2 About the HTCondor Package

This document uses the HTCondor RPM from the OSG repository. Our RPM was inspired by the Fedora project, which means that started with their source RPM and modified it for use in the OSG environment. The RPM provides most of HTCondor’s functionality, except for Standard Universe and HTCondor-G support for CREAM and NorduGrid.

Other RPMs, including those from the Fedora or HTCondor repositories, may be similar but the instructions in this document may need some adapting. Installing HTCondor using some other packaging (e.g., a tarball) is very different. Some cluster management tools, like Rocks, may install and configure HTCondor for you.

See CondorInformation for an overview of the different options for installing HTCondor.

Until late 2012, the HTCondor software was known as “Condor”. You may still see the older name referring to the same software.

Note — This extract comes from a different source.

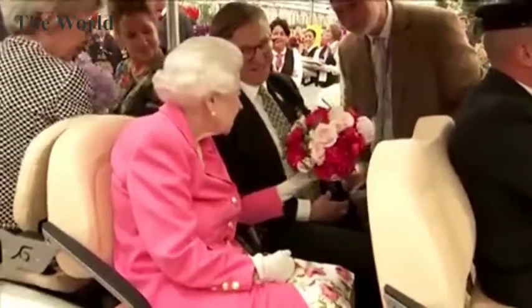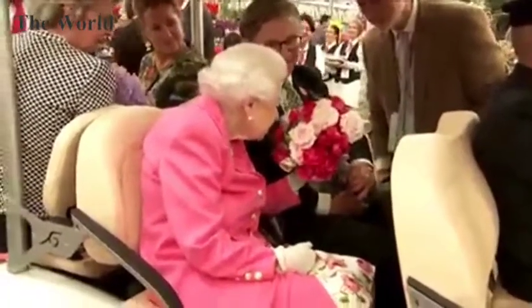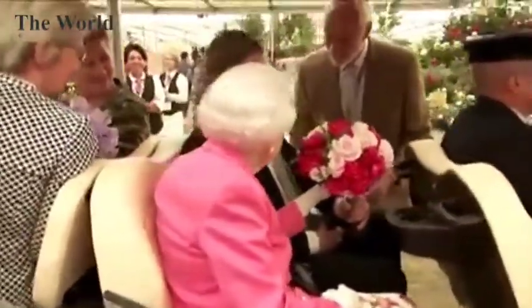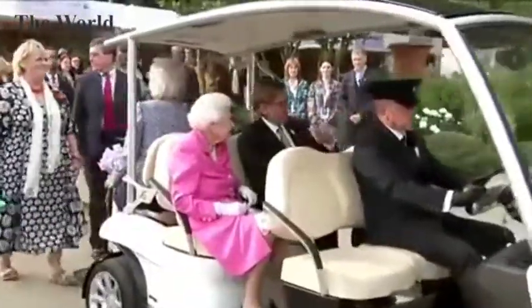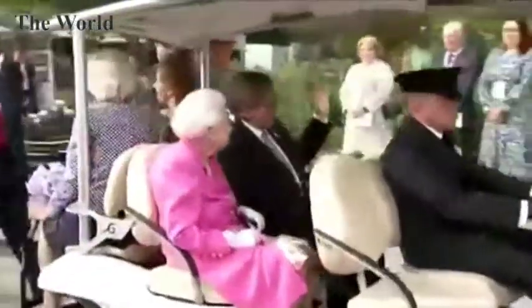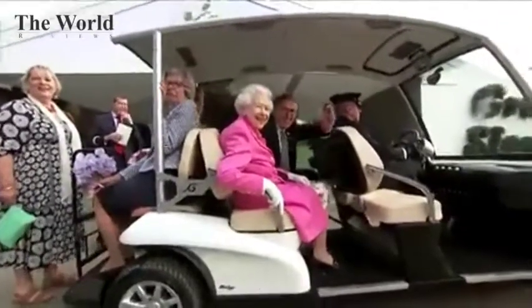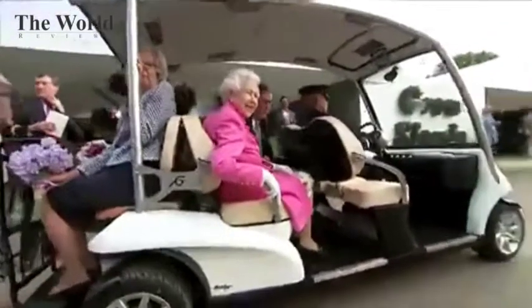Isn't that beautiful? Absolutely. It's a pleasure. What we have here is one of the containers.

3 Engineering Considerations

HTCondor must be installed and configured on all nodes of the batch system, including:

  • Worker nodes (aka computer nodes, execute nodes)
  • One or more submit nodes, including the Compute Element and any local interactive submission nodes
  • A head node, containing the HTCondor Central Manager

Installation and some configuration steps must be performed on each node, but the specific configuration for each node varies by the type of that node. For example, the head node and submit nodes may each have custom configuration, but all worker nodes may have the same configuration. For nodes that have similar or identical configuration, it may be helpful to use a cluster management system (e.g., cfengine, puppet, chef) to manage machine configuration centrally, or to use a shared filesystem for common configuration files. Deciding on and implementing a cluster configuration approach is beyond the scope of this document.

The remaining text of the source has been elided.